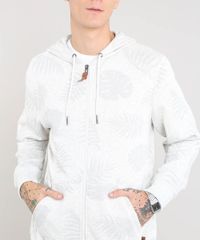 Blusao-Masculino-Estampado-de-Folhagem-com-Capuz-e-Bolso-Cinza-Mescla-Claro-9349326-Cinza_Mescla_Claro_4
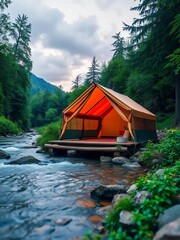 A cozy tent by a flowing river, surrounded by lush greenery, peaceful waterside,  flowing water,  calm environment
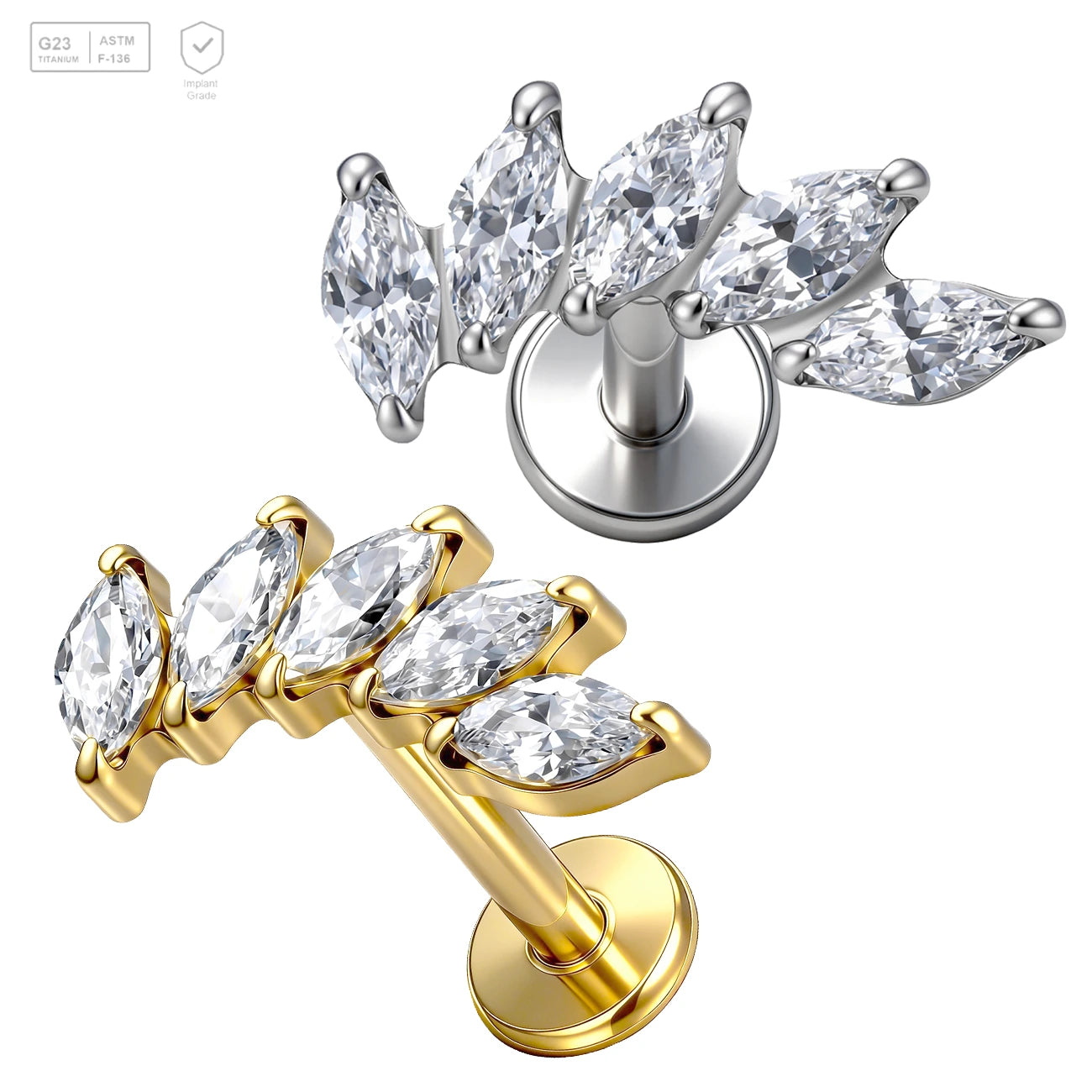 Pack of 5 G23 ASTM F136 Titanium Labret Stud | Threadless Push-In & Internally Threaded | Flat Bottom Rod Ear Stud Jewelry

Aim of the task = Copy all of the listing word for word, minus the images.

Solution for this problem =
 Blusao-Masculino-Estampado-de-Folhagem-com-Capuz-e-Bolso-Cinza-Mescla-Claro-9349326-Cinza_Mescla_Claro_4
 A cozy tent by a flowing river, surrounded by lush greenery, peaceful waterside,  flowing water,  calm environment
 Pack of 5 G23 ASTM F136 Titanium Labret Stud | Threadless Push-In & Internally Threaded | Flat Bottom Rod Ear Stud Jewelry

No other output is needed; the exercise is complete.